- **Activity**
Could you restate all of the records below exactly, with the pictures left out?

Source records

====

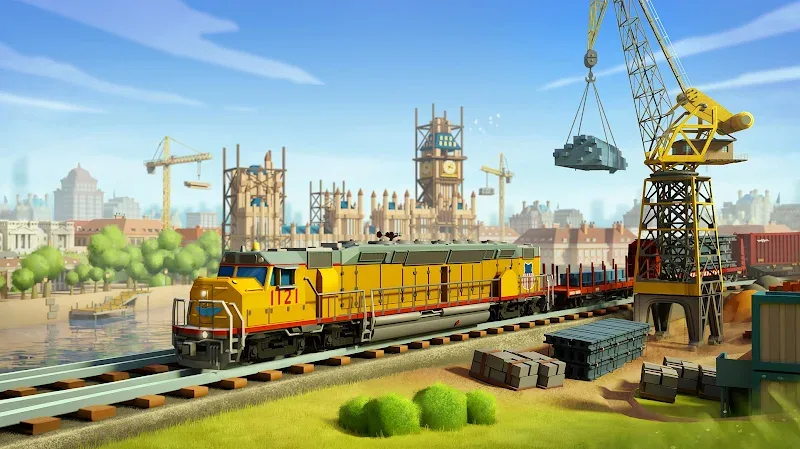 Train Station 2: Rail Tycoon apk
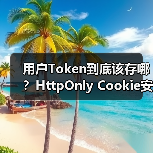 用户Token到底该存哪？HttpOnly Cookie安全性解析（图4）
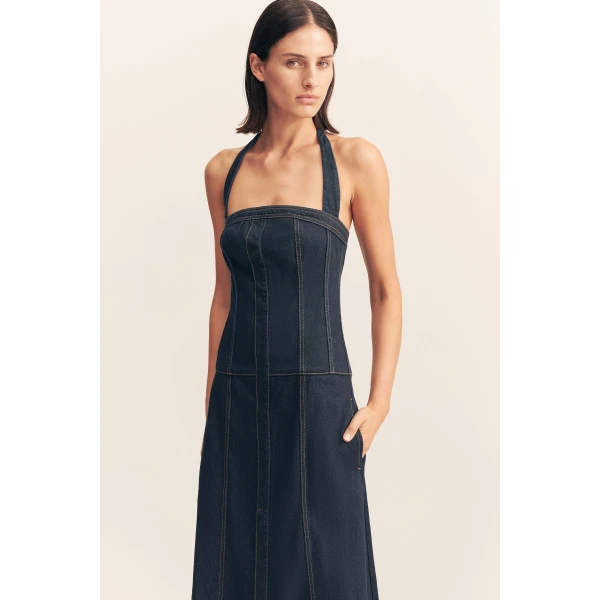 Shona Joy Blue Dresses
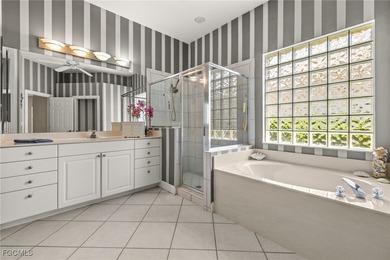 This is one of the rare Crown Colony homes with a truly standout on Crown Colony Golf and Country Club in Florida - for sale on GolfHomes.com, golf home, golf lot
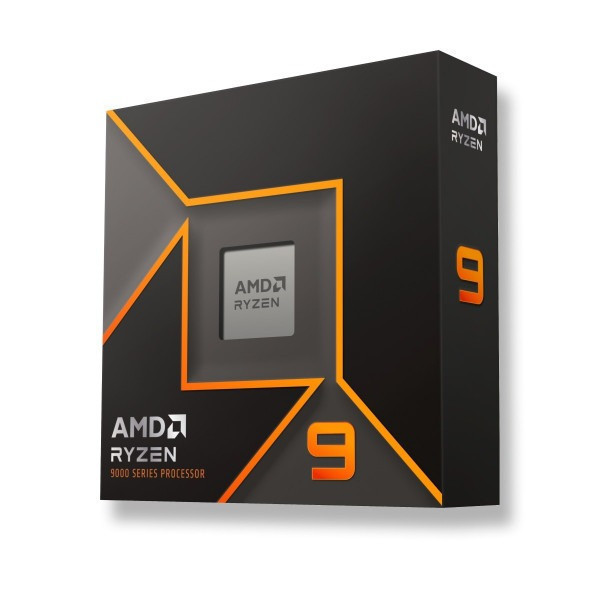 CPU AMD Ryzen 9 9900X (4.4 GHz Boost 5.6 GHz | 12 nhân / 24 luồng| 64 MB Cache)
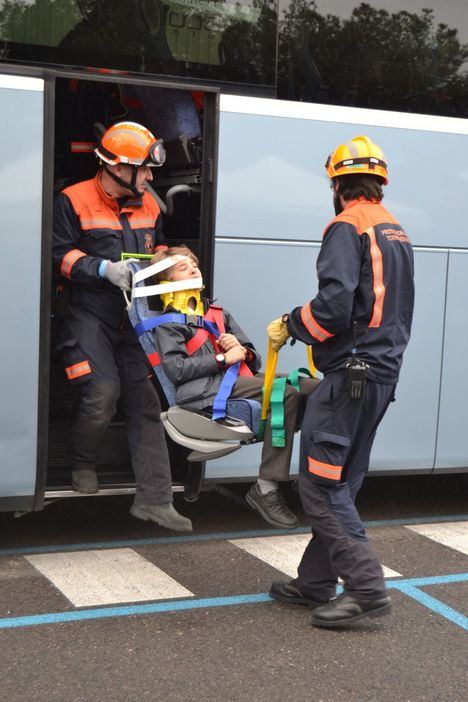 Un sistema pionero de seguridad para el rescate de viajeros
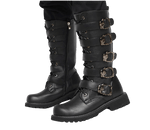 Bota de motociclista - Equipo - Vignette | Boutique biker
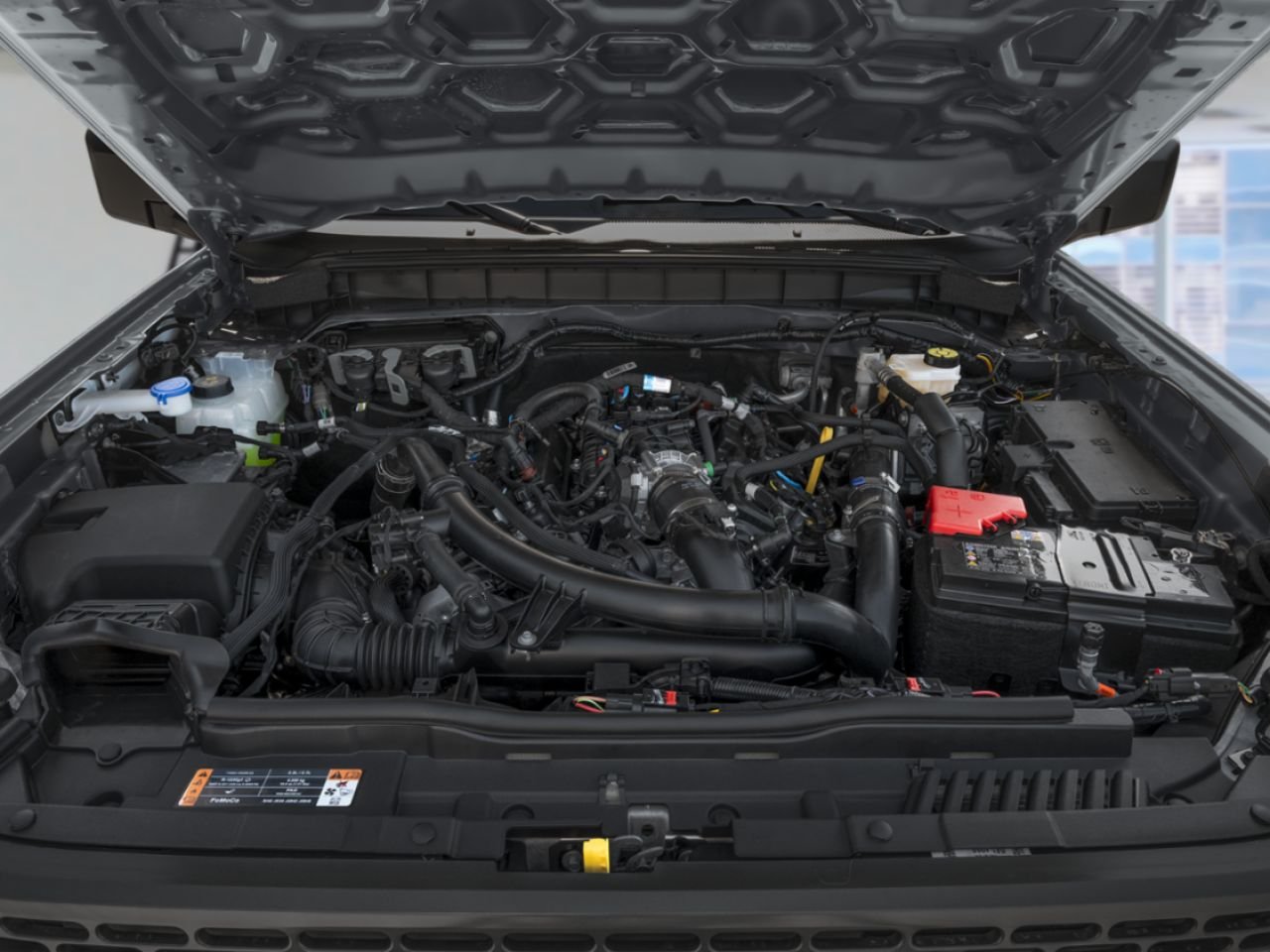 2026 Ford Bronco Avalanche Grey Mont-Laurier - photo #12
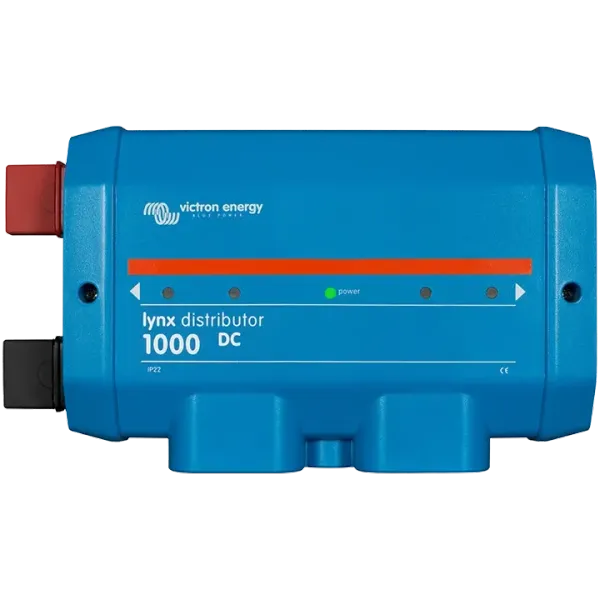 Victron Energy Lynx Distributor M10 Модульна шина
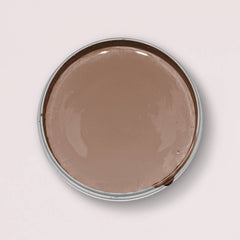 Blick in die geöffnete Yellowchair Kreidefarbe Dose Nr. 272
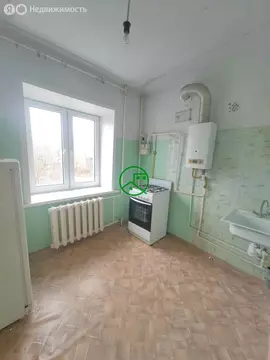 1-комнатная квартира: Сызрань, улица Воронова, 13 (29.6 м)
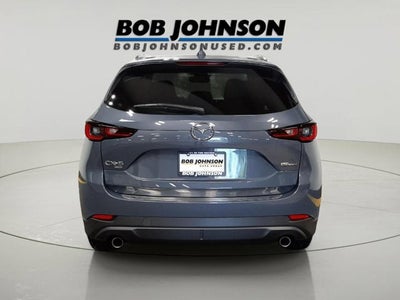 2023 Mazda Mazda CX-5 2.5 S Carbon Edition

====

- **Exercise response**
 Train Station 2: Rail Tycoon apk
 用户Token到底该存哪？HttpOnly Cookie安全性解析（图4）
 Shona Joy Blue Dresses
 This is one of the rare Crown Colony homes with a truly standout on Crown Colony Golf and Country Club in Florida - for sale on GolfHomes.com, golf home, golf lot
 CPU AMD Ryzen 9 9900X (4.4 GHz Boost 5.6 GHz | 12 nhân / 24 luồng| 64 MB Cache)
 Un sistema pionero de seguridad para el rescate de viajeros
 Bota de motociclista - Equipo - Vignette | Boutique biker
 2026 Ford Bronco Avalanche Grey Mont-Laurier - photo #12
 Victron Energy Lynx Distributor M10 Модульна шина
 Blick in die geöffnete Yellowchair Kreidefarbe Dose Nr. 272
 1-комнатная квартира: Сызрань, улица Воронова, 13 (29.6 м)
 2023 Mazda Mazda CX-5 2.5 S Carbon Edition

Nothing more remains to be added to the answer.